I often think about my habits and their long-term effects. Lately, I've been giving particular focus to my money-saving habits. It's one of those things that's immensely powerful and easy to do, but also something that's easy to miss / forget about until it's too late.

At 25, I think it's high time that I get all my assets in order so that I'm charting the best course into the future I can and making the most of "the most powerful force in the universe".

the Roth IRA

One move that's been on my radar for awhile is starting to invest in Roth IRA / traditional IRA. Over the last few months I've slowly been learning more about them and today I decided to sit down and really understand the pros / cons which eventually led to me re-allocating funds to them.

Here I'm going to list what I know (or at least think I know) about them as well as my calculations for how they benefit me for posterity. I'll note that I am by no means a tax / investment expert so take this as a snapshot of my knowledge but not as a recommendation / guarantee to you. In other words, do your own research and don't sue me for anything I say here cause I don't know if any of this is actually right.

Moving on.

The IRA / Roth IRA is another tax-efficient vehicle for your money, similar to the 401k. Similar to how a 401k has a Roth and Traditional form (the former being taxed now and not taxed later and the latter not being taxed now, but being taxed later) the IRA has those as well.

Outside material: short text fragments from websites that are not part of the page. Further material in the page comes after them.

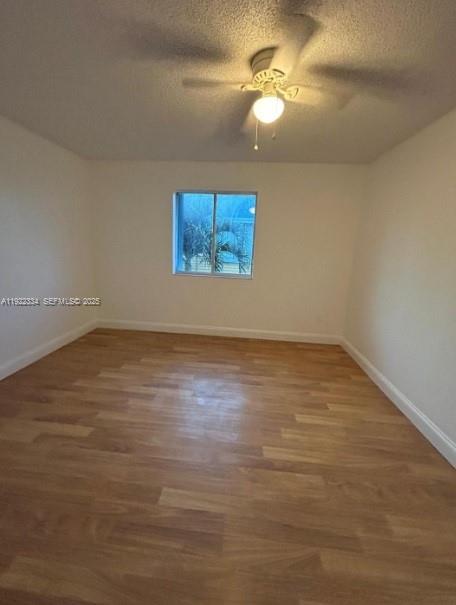 35 Northeast 12th Avenue, Unit 35 Homestead, FL 33030 - Photo 18 of 22 a view of room with fan and hardwood floor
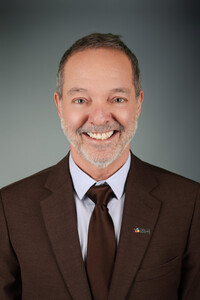 Portrait professionnel de Michel Charron souriant, vêtu d’un complet brun et d’une chemise pâle avec cravate assortie.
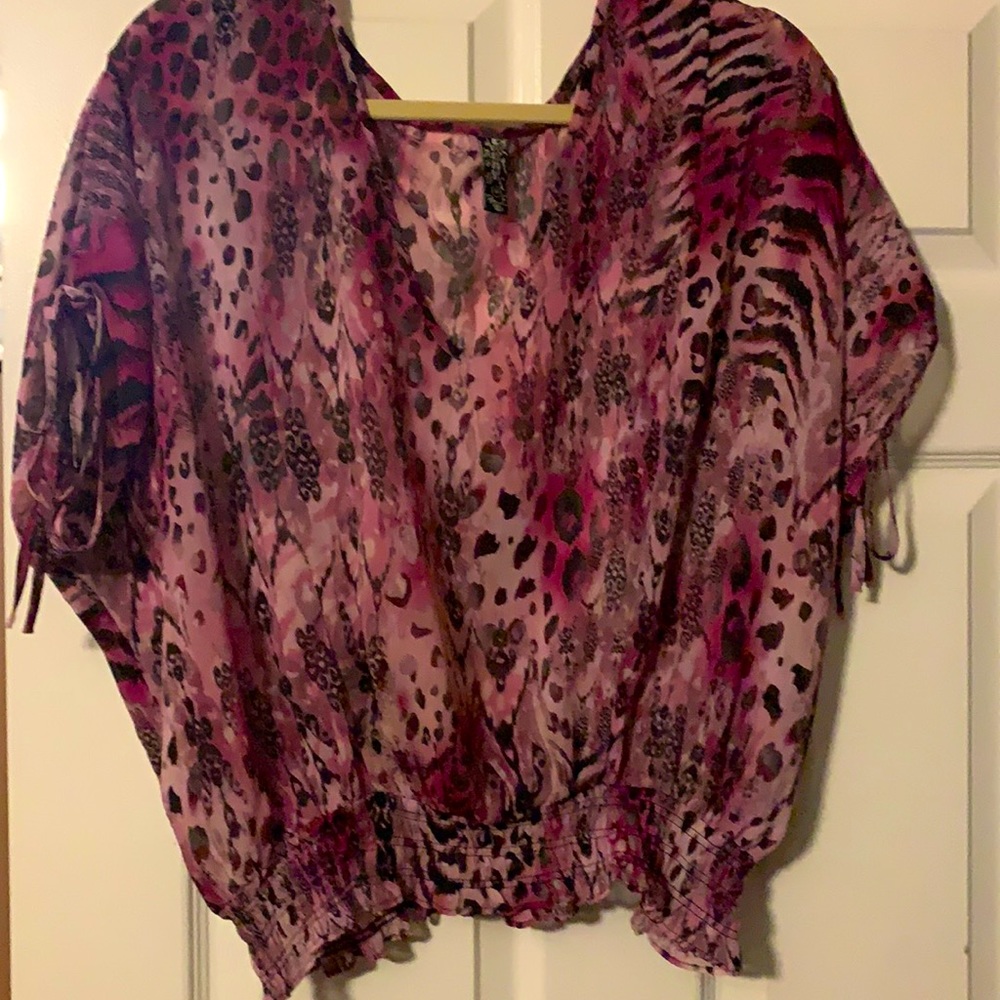 Very pretty sheer top.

The main differences (that I saw) were:

  • IRA has a low contribution limit ($6,000 / year) and a low cap on income before you're ineligible
  • Roth IRA has a similar contribution limit, but has the ability to backdoor to get around that limit (but still capped at ~$57,000 as per 401k policy). Using this backdoor, you can get around the income cap.

I hit the income cap so IRA is out of the question for me, so diving into Roth IRA.

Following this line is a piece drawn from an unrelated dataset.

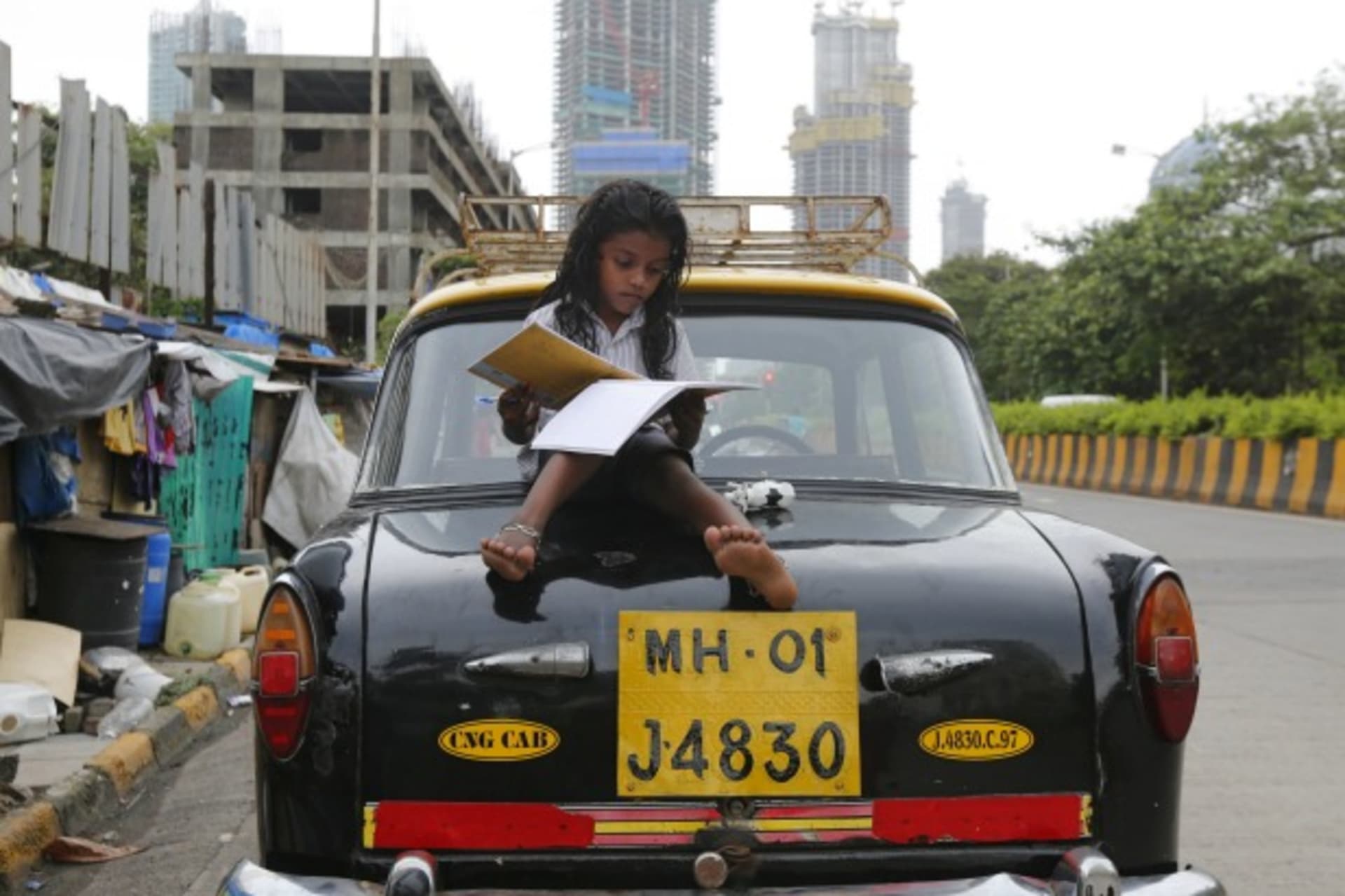 <p>A girl studies while sitting on top of a taxi outside her shanty home at a roadside in Mumbai, India (Shailesh Andrade/Reuters).</p>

The Roth IRA is a tax-efficient vehicle in two ways (remember it doesn't get up-front tax deferrence, which is why it's not listed here):

  • You aren't taxed on earnings when you withdraw your money (which happens when you sell stocks / positions / whatever to actually get useful money out). This is because you already paid your taxes up front. This results in ~15% in savings depending on your long-term holdnigs tax bracket.
  • You aren't taxed yearly on in-fund turnover which varies in importance depending on the type of fund you're in. This was news to me but apparently you have a tax liability when your fund sells stuff and makes profit even if you don't sell anything yourself.

I mostly use Vanguard index funds which they say is a tax-efficient holding by nature so, for me, the real benefit lies in the tax break on long-term holdings.

Real quick:

  • capital gains on long-term holdings - the tax rate that you are charged when selling a holding that you've had for more than a year
  • ranges from 0% - 20% but 0% is < $40,000 / year and if I'm in NY probably need more than that and 20% is for > $400k which seems unreasonable unless I get super rich somehow, so 15% is my number
  • selling within a year has v high tax rate so probably don't do that unless you really need to

So basically the difference for me between Roth IRA and my normal investments ins the 15% break on earnings.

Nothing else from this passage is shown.